(Dataset records Opens)
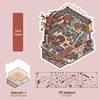 Micro Ink 3D Cartoon Decompression Stickers for DIY Miniature Scene Journals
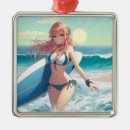 Search for surfer christmas tree decorations Girl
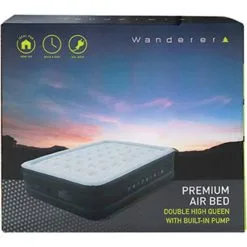 Wanderer Premium Double High Queen Air Bed With 240V Pump -Camping Hardware Sales BCF 634326 06 hi res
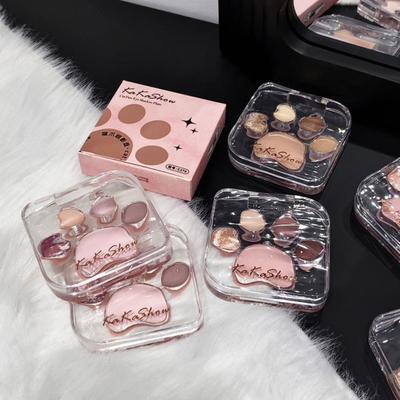 Cat Paw Eye Shadow Palette 5 Colors Shimmery Matte Natural Nude Long Lasting Waterproof High Pigment Women Eyeshadow Eye Makeup Supplies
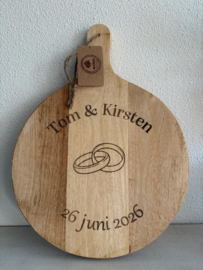 Borrelplank Bruiloft
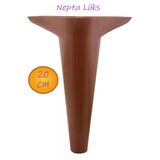 Nepta Lüks Mobilya Kanepe Koltuk Tv Ünitesi Konsol Yükseltici Ayağı Ayakları 20 Cm Ahşap Desenli.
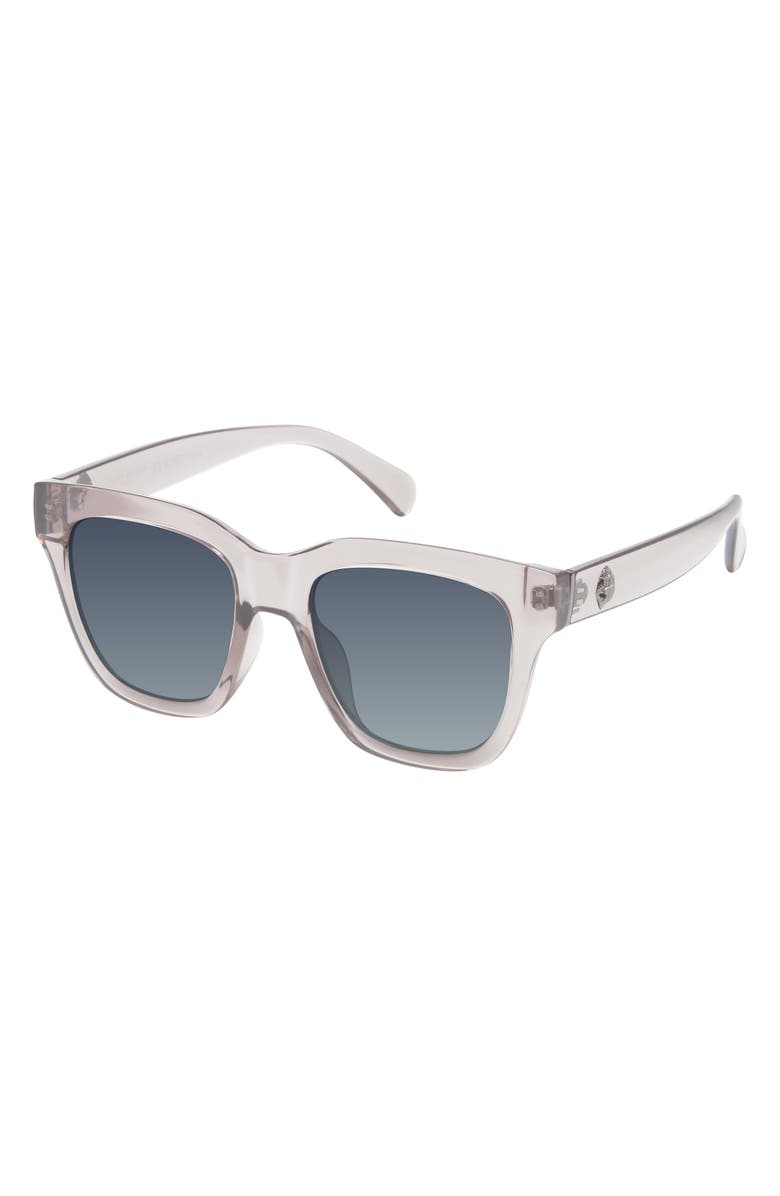 Kurt Geiger London 53mm Square Sunglasses, Alternate, color, Dove Crystal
(Dataset records Closes)
## [What the task asks]
Only the text of the records belongs in your answer, repeated exactly; the pictures stay out.

## [Solved exercise]
 Micro Ink 3D Cartoon Decompression Stickers for DIY Miniature Scene Journals
 Search for surfer christmas tree decorations Girl
 Wanderer Premium Double High Queen Air Bed With 240V Pump -Camping Hardware Sales BCF 634326 06 hi res
 Cat Paw Eye Shadow Palette 5 Colors Shimmery Matte Natural Nude Long Lasting Waterproof High Pigment Women Eyeshadow Eye Makeup Supplies
 Borrelplank Bruiloft
 Nepta Lüks Mobilya Kanepe Koltuk Tv Ünitesi Konsol Yükseltici Ayağı Ayakları 20 Cm Ahşap Desenli.
 Kurt Geiger London 53mm Square Sunglasses, Alternate, color, Dove Crystal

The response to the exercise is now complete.